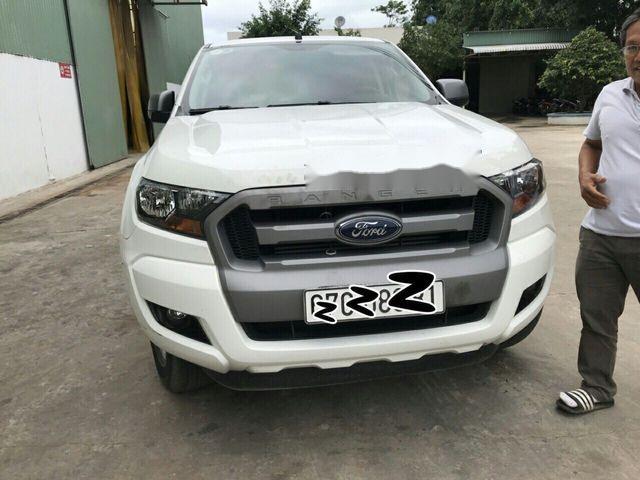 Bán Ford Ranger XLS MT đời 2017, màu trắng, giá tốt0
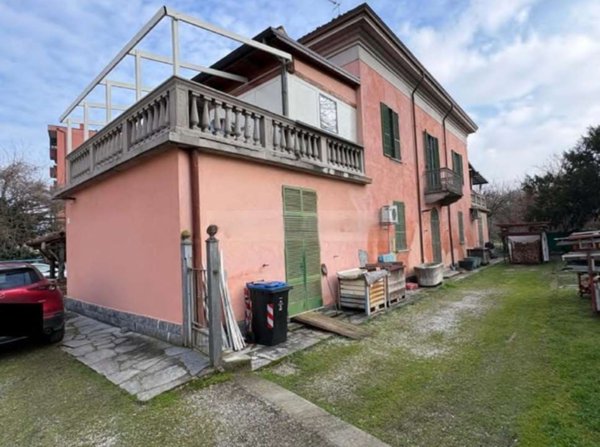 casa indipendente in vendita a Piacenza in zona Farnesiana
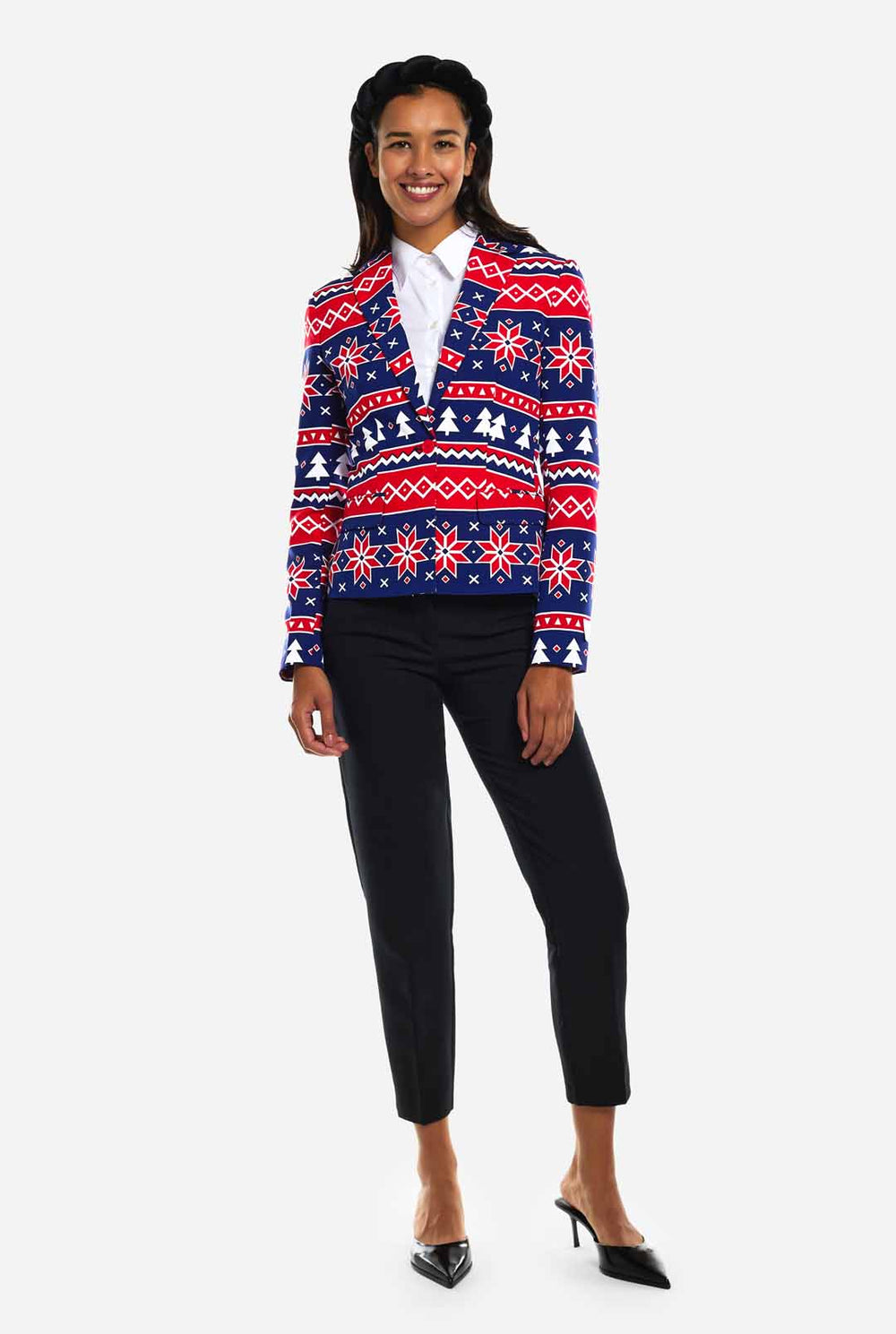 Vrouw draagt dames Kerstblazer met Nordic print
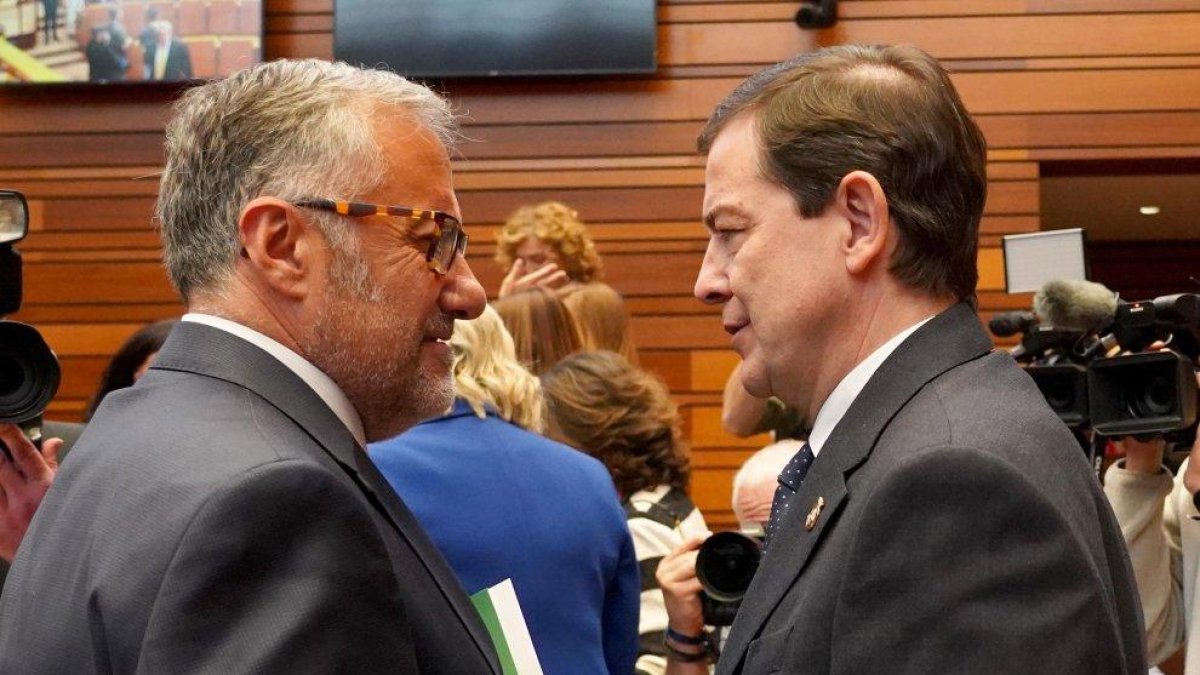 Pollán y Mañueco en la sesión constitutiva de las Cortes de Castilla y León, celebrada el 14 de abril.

· · ·

Exactly as they appear above, print all the lines, but not the pictures.

TASK ANSWER:
 Bán Ford Ranger XLS MT đời 2017, màu trắng, giá tốt0
 casa indipendente in vendita a Piacenza in zona Farnesiana
 Vrouw draagt dames Kerstblazer met Nordic print
 Pollán y Mañueco en la sesión constitutiva de las Cortes de Castilla y León, celebrada el 14 de abril.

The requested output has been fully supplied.